Word for word, set down the entries that follow.

——

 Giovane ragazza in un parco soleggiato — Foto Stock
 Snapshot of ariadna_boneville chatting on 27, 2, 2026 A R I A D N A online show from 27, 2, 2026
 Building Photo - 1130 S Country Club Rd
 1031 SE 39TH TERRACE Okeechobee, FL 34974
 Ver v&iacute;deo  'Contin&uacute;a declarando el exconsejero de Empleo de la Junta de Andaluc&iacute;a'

——

* _Result below_
 Giovane ragazza in un parco soleggiato — Foto Stock
 Snapshot of ariadna_boneville chatting on 27, 2, 2026 A R I A D N A online show from 27, 2, 2026
 Building Photo - 1130 S Country Club Rd
 1031 SE 39TH TERRACE Okeechobee, FL 34974
 Ver v&iacute;deo  'Contin&uacute;a declarando el exconsejero de Empleo de la Junta de Andaluc&iacute;a'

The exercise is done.